NAM: Monday Economic Report
In the latest NAM Manufacturers’ Outlook Survey, 33.9% of manufacturing respondents reported a positive outlook for their company, the lowest reading since the first quarter of 2009 and down from 75.6% in the previous survey. Large manufacturers were less positive than their small and medium-sized counterparts.
Weak domestic demand was the top primary business challenge in the second quarter, supplanting the inability to attract and retain talent, which had been the top concern for 10 consecutive quarters. Yet half of respondents expect workforce challenges to be a concern once the COVID-19 crisis abates.
The vast majority of manufacturers have continued operations (67.1%) or temporarily halted only part of their operations (31.6%). Among large manufacturers, 50.8% are completely operational, while roughly 73% of small and medium-sized firms state the same.
Economic indicators released last week continued to show two things. First, the COVID-19 outbreak and the sharp drop in activity have resulted in historic declines for many economic measures, particularly in March and April. Second, the May data points suggest that the worst of those decreases might be behind us, with some encouraging bounce backs from record lows, albeit with ongoing negative challenges remaining.

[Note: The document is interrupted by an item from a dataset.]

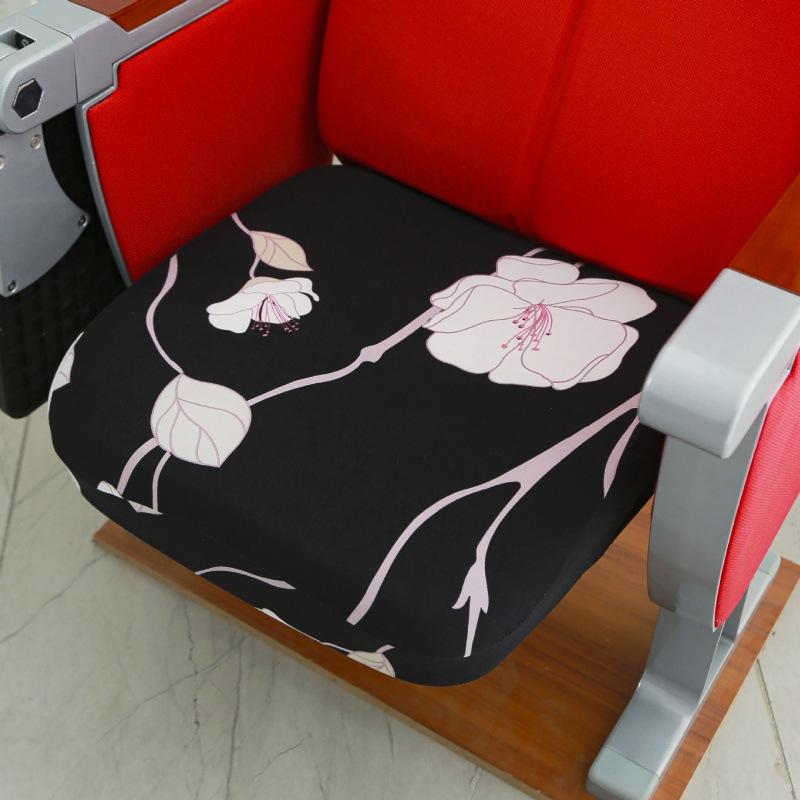 All-inclusive Elastic Hotel Internet Cafe Restaurant Theater Chair Cover Home Chair Cover Universal Chair Cover Chair Seat Cover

New orders for durable goods plummeted 17.2% in April, the largest monthly decline since August 2014. Transportation equipment sales were down a whopping 47.3% for the month. Core capital goods spending was off 5.8% in April.
Over the past 10 weeks, nearly 40.8 million Americans have filed for unemployment insurance, but continuing claims declined for the first time since February. Still, 14.5% of the workforce received unemployment insurance for the week of May 16.
With Americans staying closer to home and many businesses closed, the savings rate soared to 33%, an all-time high. Indeed, personal spending plummeted by a record 13.6% in April. Durable and nondurable goods consumption declined by 17.3% and 16.2%, respectively.
At the same time, personal income soared 10.5% in April, spurred by a $3 trillion increase in government transfer payments for the month, enough to offset sharp declines in employee compensation and proprietors’ income, including for manufacturers.
The Conference Board and the University of Michigan and Thomson Reuters both reported slight increases in consumer confidence in May after plummeting to multiyear lows in April. Americans remain anxious in their outlook, however, particularly regarding jobs and income.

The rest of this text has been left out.